Since the mid-’70s, Steve Smith’s drumming has enhanced a wide range of albums within the rock, jazz, and fusion genres. Classic hits, jazz-fusion escapades, and even Indian-influenced pursuits adorn the drummer’s discography with artists such as Journey, Jean-Luc Ponty, and Vital Information. We recently asked our social media followers for their favorite drum track from Smith’s diverse career. Popular picks included tons of Journey songs, including “Don’t Stop Believin’” (which took the top spot by one vote), “Where Were You,” “Separate Ways,” “Escape,” and “Line of Fire,” while plenty of other choices included music from the drummer’s extensive jazz and fusion output. Here fans offer insight into their favorite cuts.
I love the way the groove evolves in support of the song “Don’t Stop Believin’.” The pattern between the bell of the cymbal and the toms in the chorus is challenging and so musical. That song wouldn’t work without that exact groove.
I love the complex simplicity of Journey’s “Don’t Stop Believin’” and the stadium rockin’ of “Line of Fire,” and I love to play along to “Stone in Love.” “Troubled Child” has a complex time signature that hooks me in.
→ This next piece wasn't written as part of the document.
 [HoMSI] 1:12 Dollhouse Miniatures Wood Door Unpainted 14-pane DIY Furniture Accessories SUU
Also, the first Vital Information album was my initial introduction to fusion as a teenager in the ’80s. I love the tunes “Looks Bad, Feels Good,” “Questionable Arrivals,” and “V.G.” There’s so much to love in Steve’s playing, and he continues to inspire.
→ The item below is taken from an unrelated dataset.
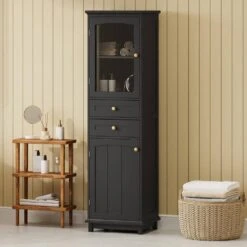 14.21 In. W X 17.76 In. D X 62.99 In. H Bathroom Storage Wall Cabinet In Black -Tahanbath black tahanbath bathroom wall cabinets z n729p171305b 4f 1000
Jean-Luc Ponty’s “Enigmatic Ocean, Part 2” was my introduction to fusion drumming. The speed and precision Smith played with seemed unbelievable to a teenage rock drummer like me. I’d never heard anything like it before, and I still listen back to that track today because of the combination of chops and musicality.
My favorite track might be “Mother, Father,” from 1981’s Escape. The drumming matches the emotion of the vocals throughout. Check out the lilt of the ride cymbal during the instrumental parts and the triumphant fills near the end. It’s a thoughtful compositional masterpiece.
“Escape” is probably my favorite Journey tune. The fill Steve plays toward the middle of the song is technically straightforward, but it’s so perfect for the song and executed so well. Steve is always an inspiration.
I absolutely love the feel on Journey’s “After the Fall,” off Frontiers. To me, that’s how a great pop groove should sound. You could dedicate an entire article to breaking down all of Escape and Frontiers—so many cool parts.
Journey’s “Just the Same Way,” from Evolution. I think he’s blending a baião pattern with a staggered disco groove. I also love the triplet-based ghost notes and the deceptively slow, chugging cadence that appears to quote the melody. The master serves all of this up in a short-form pop song. It’s his world—we only listen in it.
On Journey’s “One More,” the second track on 1996’s Trial by Fire, Steve lays down a solid, impressive groove with some inventive bass drumming and energetic, colorful fills near the end.
“Faithfully,” off Journey’s Frontiers. Funny that a drummer with roots so deep in jazz and fusion soil would basically write the book on, and set the standard for, power ballad playing.
“Edge of the Blade,” from Frontiers. Steve lays down a solid groove that really complements Neal Schon’s playing. Near the end, both Steve and Neal are trading licks, and there are some tasty double bass fills. I love playing along to this track.
“Faithfully.” He left everything so open. The fills he does are so simple, but they sound amazing. It just goes to show that you don’t need to be able to play faster than everyone else—just be more creative!
“Escape” is a drummer’s dream tune. There’s a fantastic attitude that jumps out at you. It also features one of the best Steve Smith snare sounds ever recorded. There are amazing fills throughout the track that are almost big band in nature. Check out the roundhouse, high-to-low tom fill that introduces the guitar-crunching, head-banging groove. Inspiration personified!